To say that LLMs have very limited usefulness at present is not to say that they will never be useful at all. The software is a capable assembler of words. What is needed, above all, is a way to tell the software not to make up authority. This may be harder than it looks, because the software essentially looks for words that are used together in its source material. It is only a sophisticated word-association machine; it does not actually think or reason. A collection of words which are commonly used together in different contexts is not necessarily true. "Prior" may be commonly used with "case law," and "real" may be commonly used with "problem," but it is not at all true that all prior case law is a real problem. Indeed, experts have suggested that it may be impossible to completely prevent any LLM from relying on false authority. See Lucas Mearian, AI Deep Fakes, Mistakes, and Biases May Be Unavoidable, but Controllable, Computerworld (May 4, 2023), https://www.computerworld.com/article/3695508/ai-deep-fakes-mistakes-and-biases-may-be-unavoidable-but-controllable.html.
More generally, the main path to better software for helping attorneys make arguments may lie elsewhere. ChatGPT helps computers and humans communicate, but it does nothing to help computers to find helpful case law. Rather, ChatGPT avoids the issue by making up its own case law. By doing so, ChatGPT is running directly away from the core problem of legal research—finding real, actual, existing case law which helps an attorney make an argument.
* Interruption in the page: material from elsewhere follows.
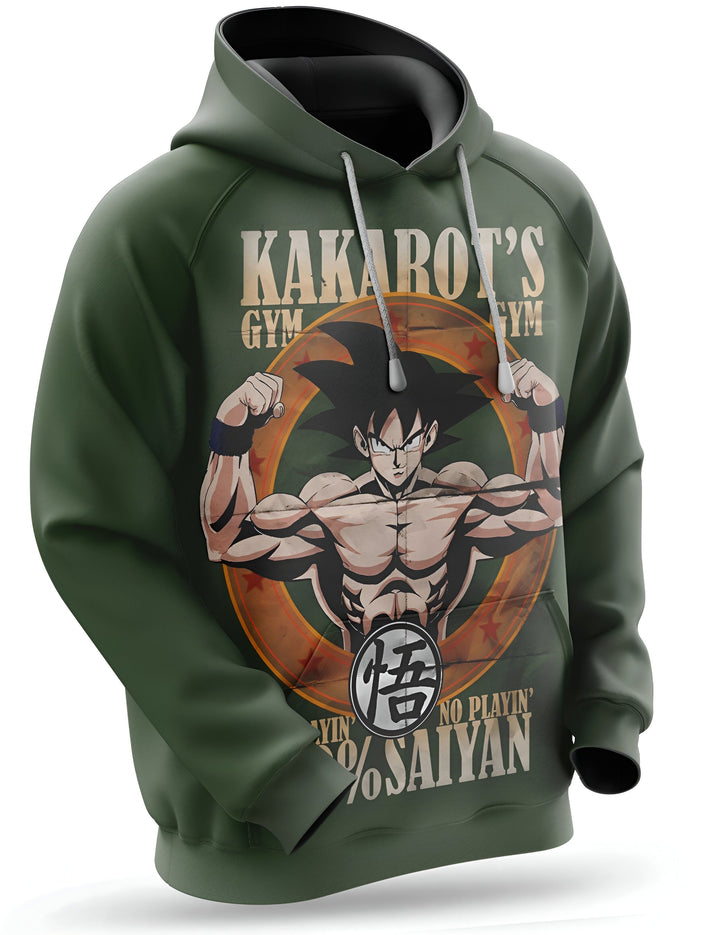 Une image d'un sweat à capuche vert avec une illustration de Son Goku, un personnage de Dragon Ball Z. Il est écrit "Kakarot's Gym" au-dessus de l'illustration et "100% Saiyan" en dessous.,SW-4712275901,SW-9737303164,SW-9520609067,SW-6196618482,SW-0514295538,SW-4272961896,SW-9074224423,SW-9800057307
At the National Legal Research Group, we have been using cutting-edge digital research tools for many years. Computers are an essential tool which our research attorneys use every day to find cases for our clients. But even the best computer software for legal research is no substitute for the reasoning and writing ability of the human brain. We are following developments in the LLM field closely, and we are committed to using computers in the most efficient and effective way possible. At present, however, LLMs in general and ChatGPT in particular, when used for legal research, create much more risk than benefit.